I'm guessing "no"... at least not until after Canon develops something like the A7R. Have you looked at the 24, 28 and 35mm IS lenses? I have the 28, and it's a lot smaller than L lenses. A pancake will require the removal of IS and correcting elements, and I don't think the general market will go for that.


----------



## Sella174 (Jan 30, 2014)

I agree with the "no", because "pancake" lenses have smaller apertures (or higher f-numbers) than their "normal" siblings, and right now, today, large apertures are what sells lenses.


----------



## Mr_Canuck (Feb 5, 2014)

I think Canon is leaving the pancake game to Pentax. Although you're seeing some in Fuji and 4/3rds which makes a lot of sense. I think Sony are idiots for not pursuing physically shorter lenses with all their small mirrorless bodies. Maybe Zeiss refuses. But they're missing an opportunity. But then Zeiss has Voigtlander!

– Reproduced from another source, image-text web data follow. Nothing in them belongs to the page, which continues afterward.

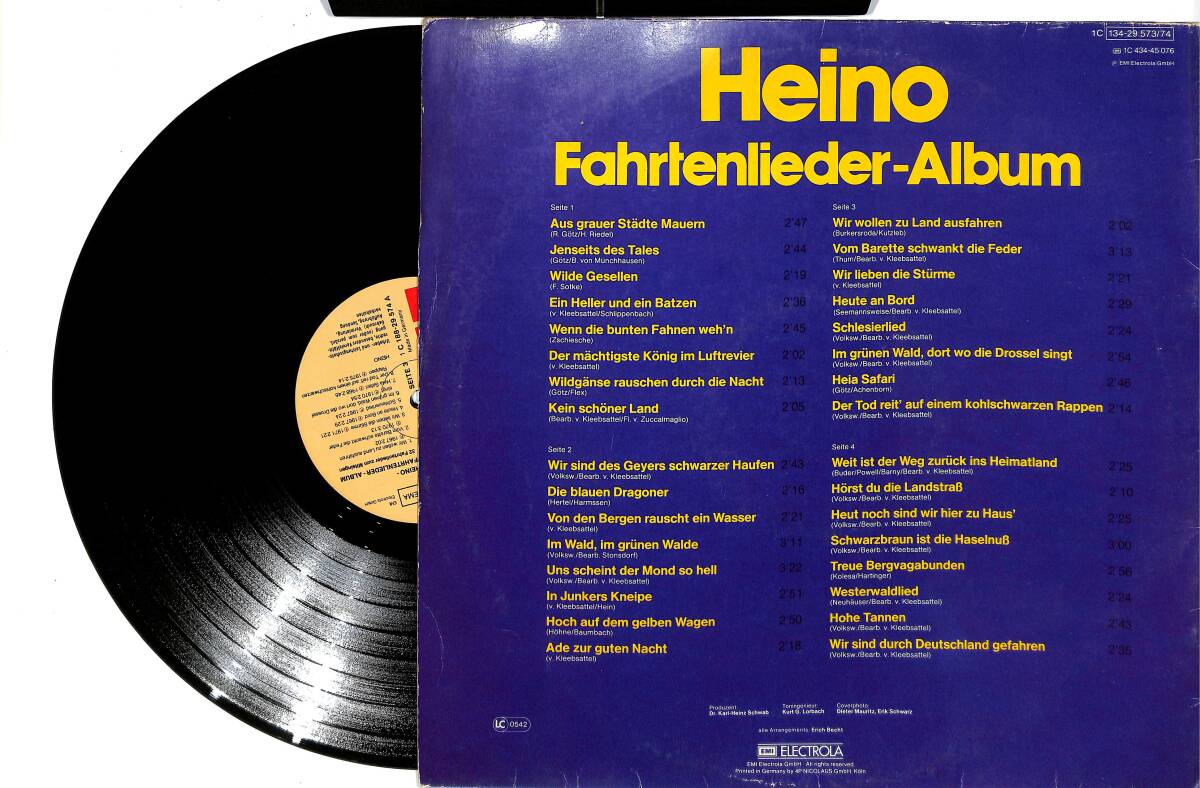 Heino - Fahrtenlieder-Album (Almanya Baskı) 2 LP PLAK (10/8) PLK25951 - 2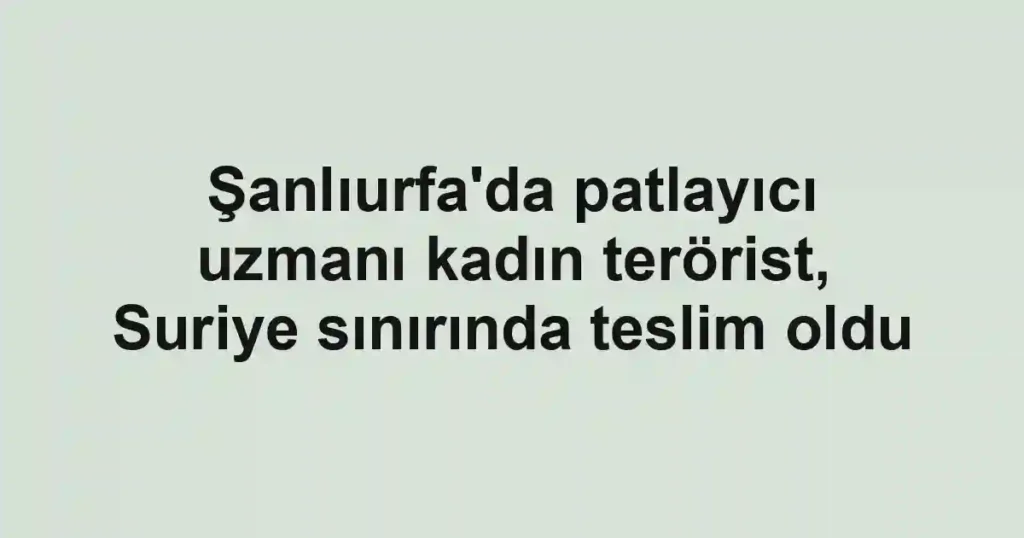 Şanlıurfa'da patlayıcı uzmanı kadın terörist, Suriye sınırında teslim oldu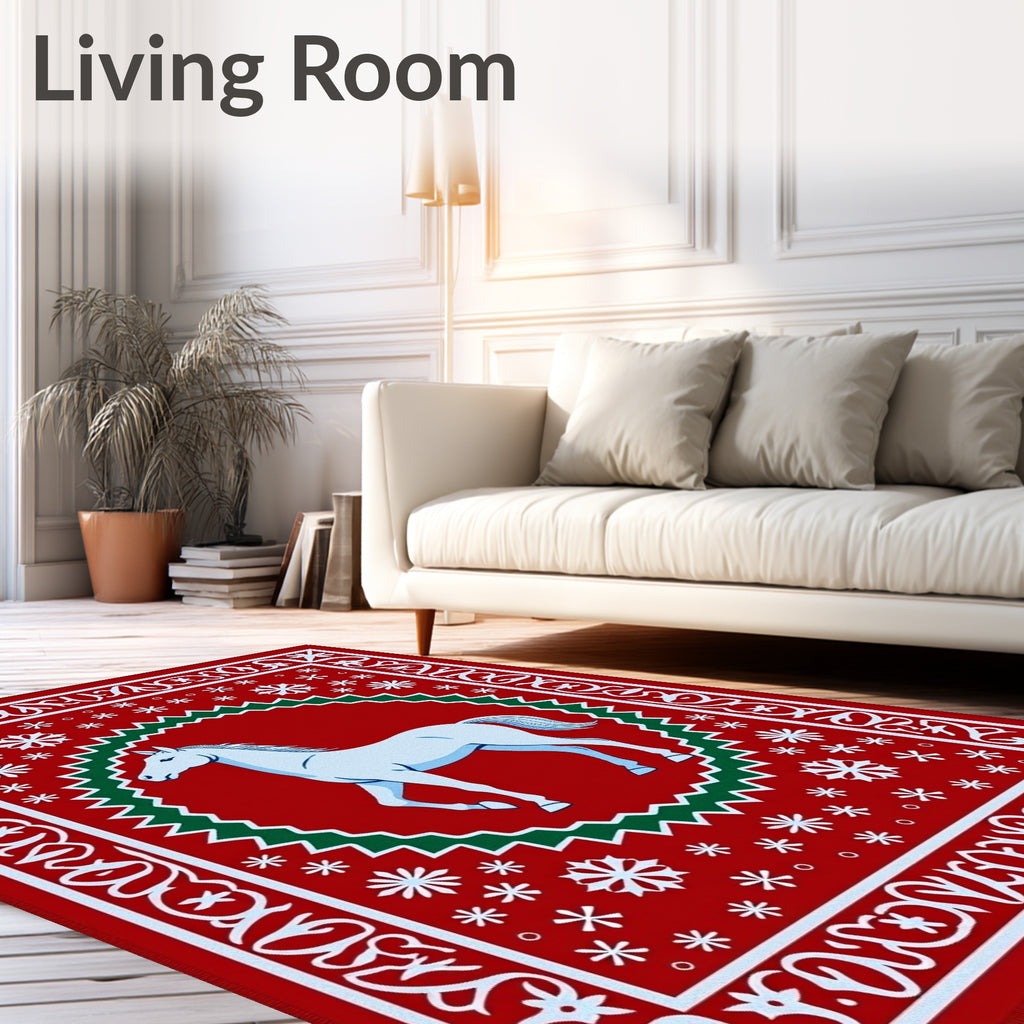 Crimson White Horse Snowflakes Medallion Rug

Maybe in Canon M you'll see more pancakes. Maybe. The 20 is a good indicator. I'd bank on the 40 stm being it for full-frame and apsc dslrs though.

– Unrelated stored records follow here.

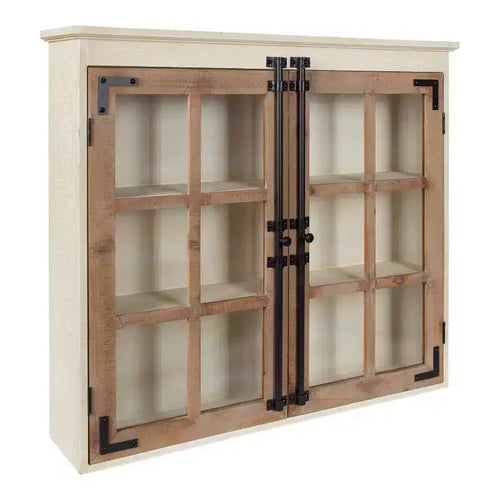 Meuble Mural Décoratif de Ferme en Bois Hutchins 76,2 x 16,5 x 71,1 cm Blanc/Marron - Kate & Laurel All Things Decor : Aucun assemblage requis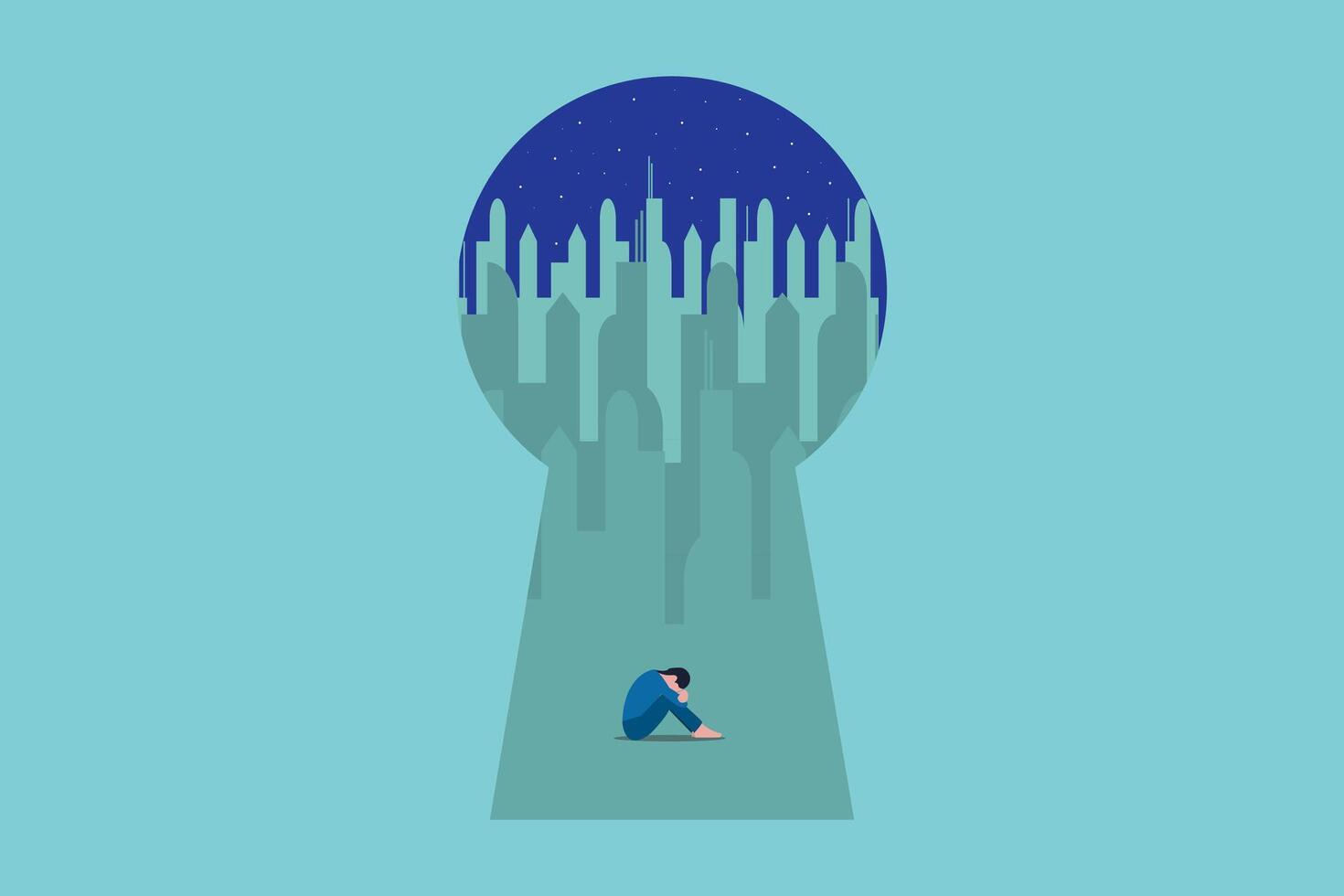 sad woman in a keyhole with city view background. vector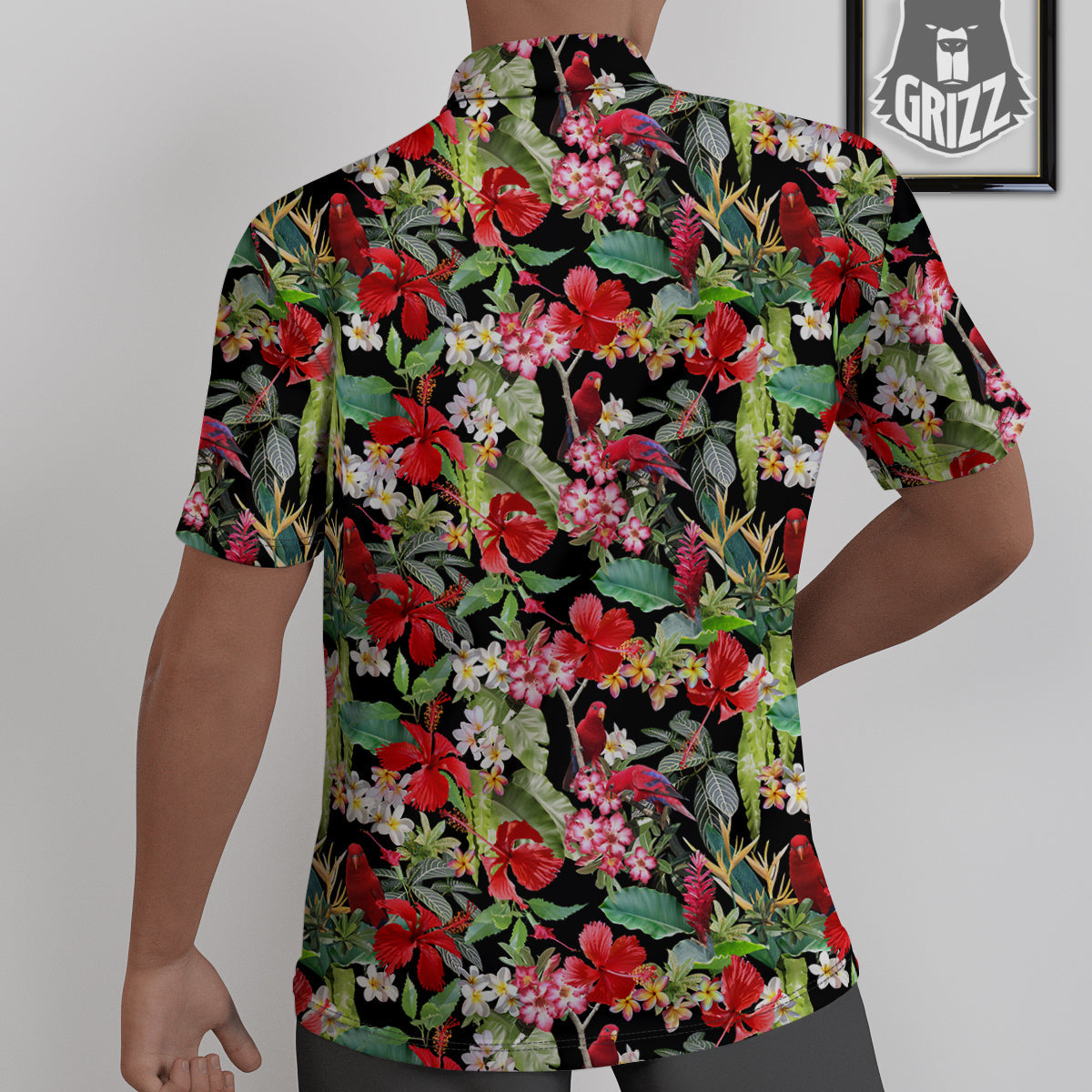 Parrot Hawaiian Tropical Print Pattern Untucked Shirts-grizzshop
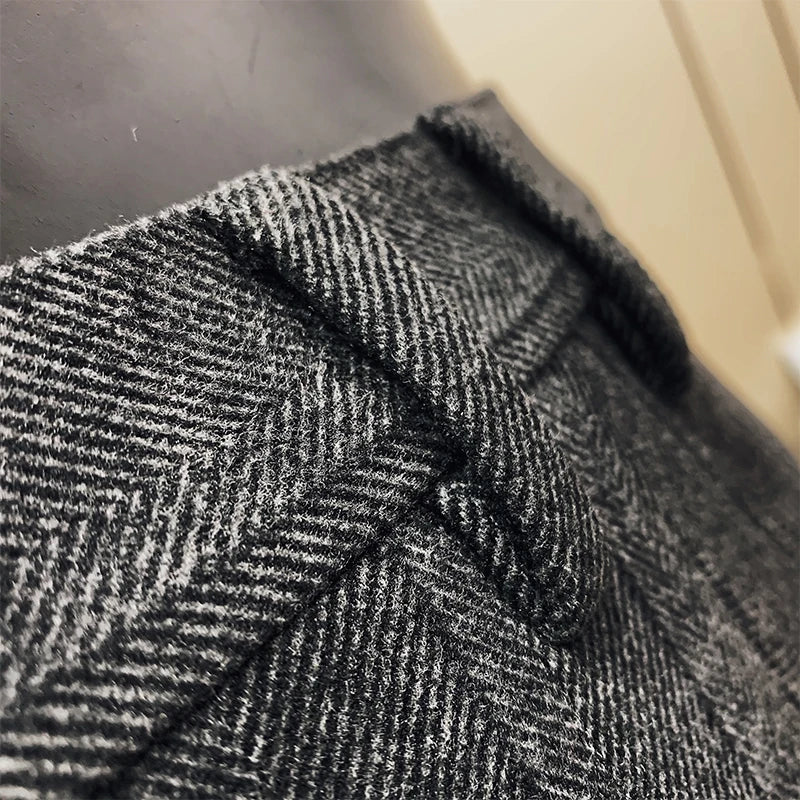 Men Dress Pants Woolen Warm Business Formal Social Suit Pants Casual Slim Striped Fit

But you mention the Voigtlander. I just bought one a month ago, and love it. At a 20mm focal length (I'm talking about full-frame) having autofocus isn't really that big a deal. If you're into wide-angle action, then I think you want both auto-focus AND a zoom for quick response and immediate flexibility. Get a 17-40. But for everything else, manually focussing on a 20mm lens is very safe, and the focus-confirm indicators on my 6D work great for ensuring I'm in focus. Typically, when I switch to the Voigt, I half-press the shutter (every time, I do this!) and nothing happens. Then I remember I need to focus the thing manually. And I'm good from then on. It's not hard at all to do, you just have to do it.


----------



## mrsfotografie (Feb 5, 2014)

adhocphotographer said:


> Do you think there are going to be more pancake lenses (EF mount)?



No.


----------



## adhocphotographer (Feb 6, 2014)

Sigh... I am starting to think the same... I think it is a shame though, as i am sure a 20mm pancake would be as well received as the 40. 

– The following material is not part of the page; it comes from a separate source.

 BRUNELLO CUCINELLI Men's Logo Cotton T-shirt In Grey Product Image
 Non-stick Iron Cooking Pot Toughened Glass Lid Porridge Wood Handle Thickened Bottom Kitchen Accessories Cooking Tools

Well, i hope you are all wrong, but i'm not holding my breath!


----------



## mrsfotografie (Feb 6, 2014)

adhocphotographer said:


> Sigh... I am starting to think the same... I think it is a shame though, as i am sure a 20mm pancake would be as well received as the 40.
> 
> Well, i hope you are all wrong, but i'm not holding my breath!



Well if you must have one, Voightlander makes a 20mm pancake for EF mount...

http://www.voigtlaender.de/cms/voigtlaender/voigtlaender_cms.nsf/id/pa_fdih7pyj95.html


----------



## dcm (Feb 6, 2014)

mrsfotografie said:


> adhocphotographer said:
> 
> 
> > Sigh... I am starting to think the same... I think it is a shame though, as i am sure a 20mm pancake would be as well received as the 40.
> ...



And a 28 f2.8 pancake

http://www.voigtlaender.de/cms/voigtlaender/voigtlaender_cms.nsf/id/pa_fdih8vxb7z.html


----------



## Haydn1971 (Feb 7, 2014)

There was a patent posted on here for a EF-M 18-40mm pancake which I'd jump on for a lens I'd use for work - but still love the 22mm EF-M for casual photography use


----------



## ChienLunatique (Feb 7, 2014)

Not a pro 
Shooting with 700D and 40mm pancake and I would really love a 20mm it would be the maple syrup on my walkabout street kit.


----------



## Rienzphotoz (Feb 11, 2014)

adhocphotographer said:


> I know Voigtlander has there Color Skopar 20mm f/3.5 II


Hmmm ... I did not know about that interesting lens ... now you got me tempted to get one, to be used with the Sony a7 :-\


----------



## AvTvM (Feb 11, 2014)

michelleB said:


> Interesting. It's true that pancakes capture less.



capture less of what?

Both angle of view and image quality of the EF 40/2.8 pancake are certainly fully up to spec.
I would absolutely love to get a similarly compact, optically good and dirt-cheap 20mm/f 3.5 or f/4.0 
Personally I am not interested in EF 24 IS and even less so in the 28 IS oder 35 IS - too much money for what they are. I'll rather get a 24-70 II, which kills them all in one lens. 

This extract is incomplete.